Data for the task Start Marker

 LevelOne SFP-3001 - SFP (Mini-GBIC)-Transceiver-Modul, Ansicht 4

Data for the task End Marker
Data for the task Start Marker

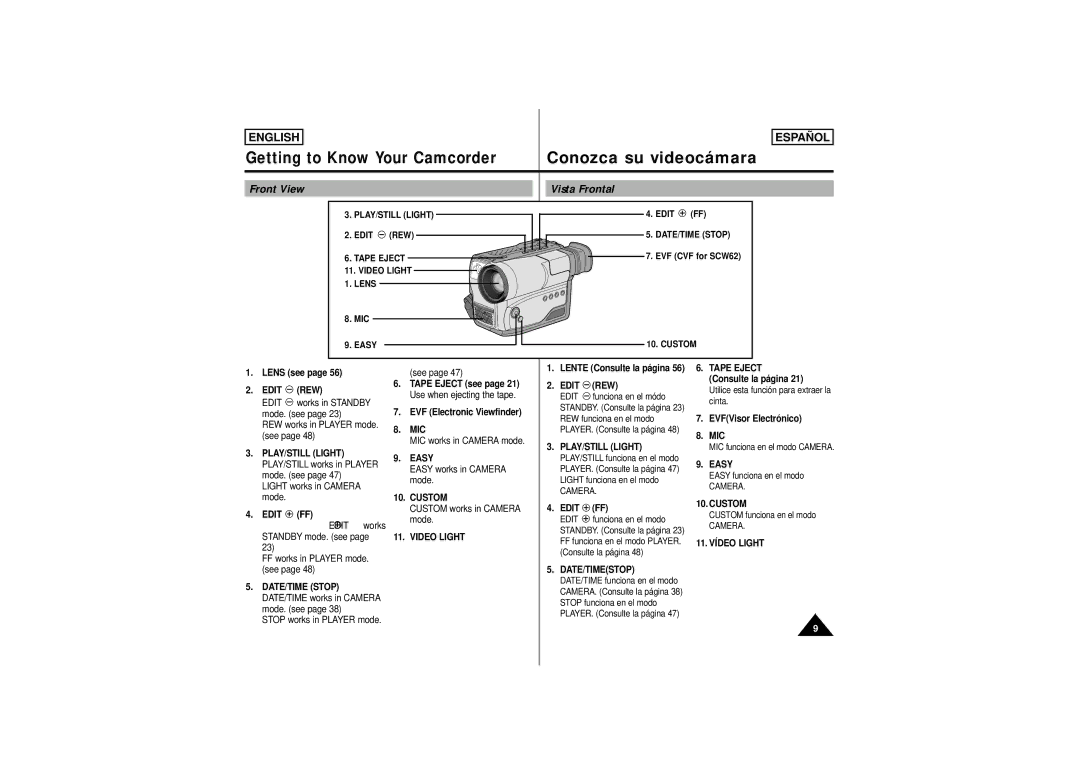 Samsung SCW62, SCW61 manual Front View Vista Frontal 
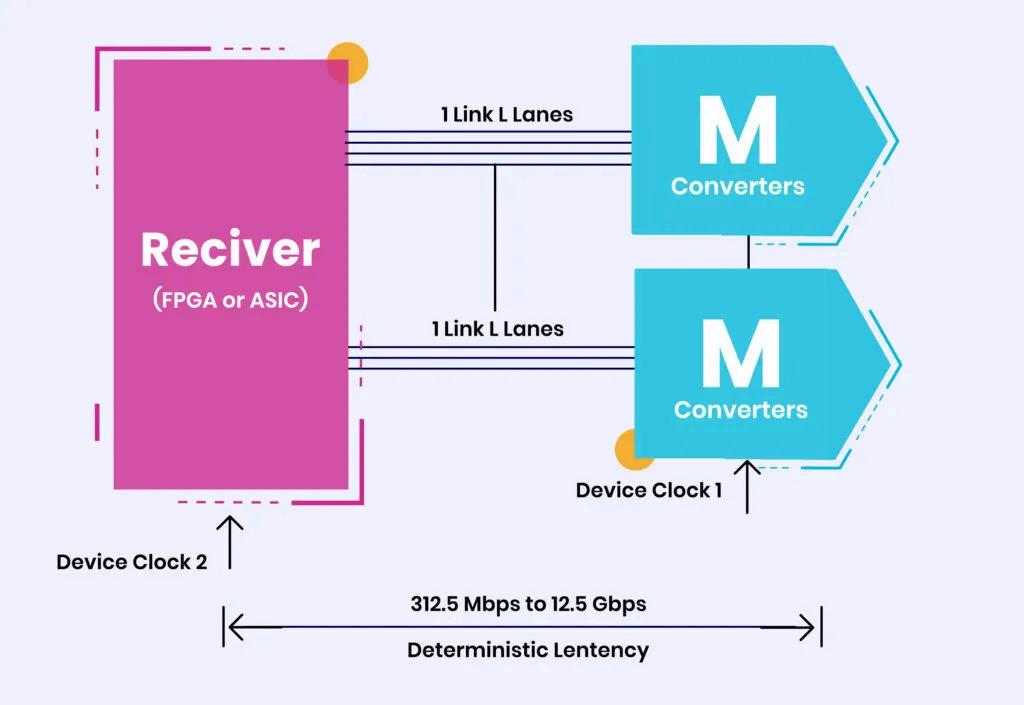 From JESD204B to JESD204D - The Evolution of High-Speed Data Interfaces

Data for the task End Marker
Data for the task Start Marker

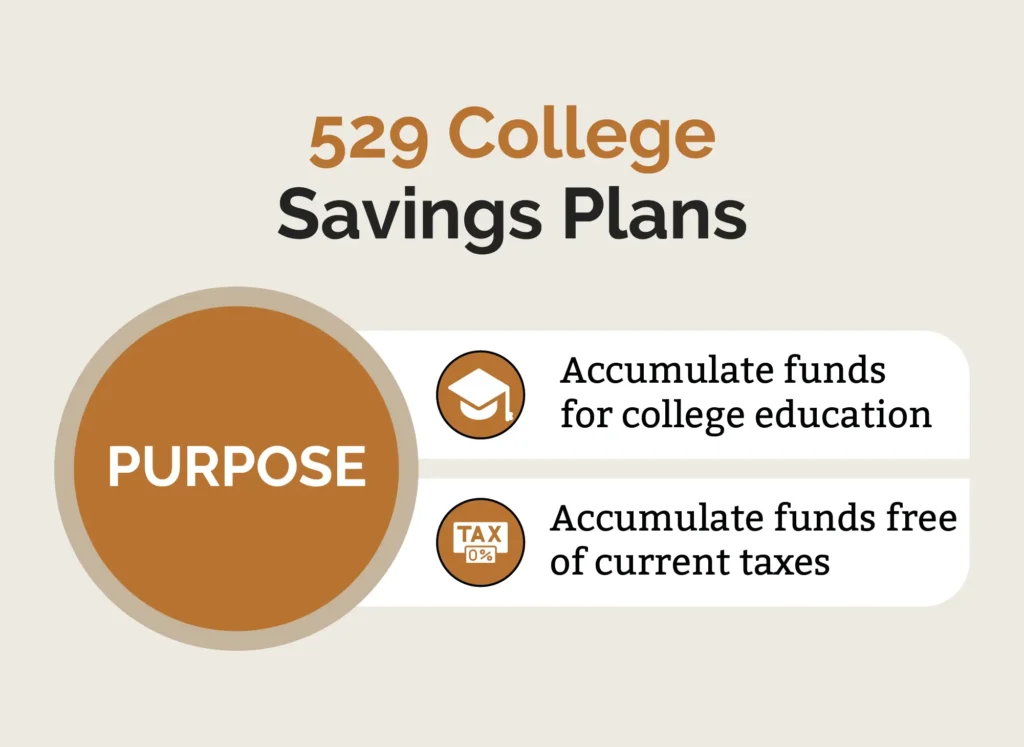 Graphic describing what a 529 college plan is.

Data for the task End Marker

Required action:
Your answer is the exact run of lines above from the one with "Samsung SCW62, SCW61" through the one with "From JESD204B to", both ends included, minus any picture.

Solution:
 Samsung SCW62, SCW61 manual Front View Vista Frontal 
 From JESD204B to JESD204D - The Evolution of High-Speed Data Interfaces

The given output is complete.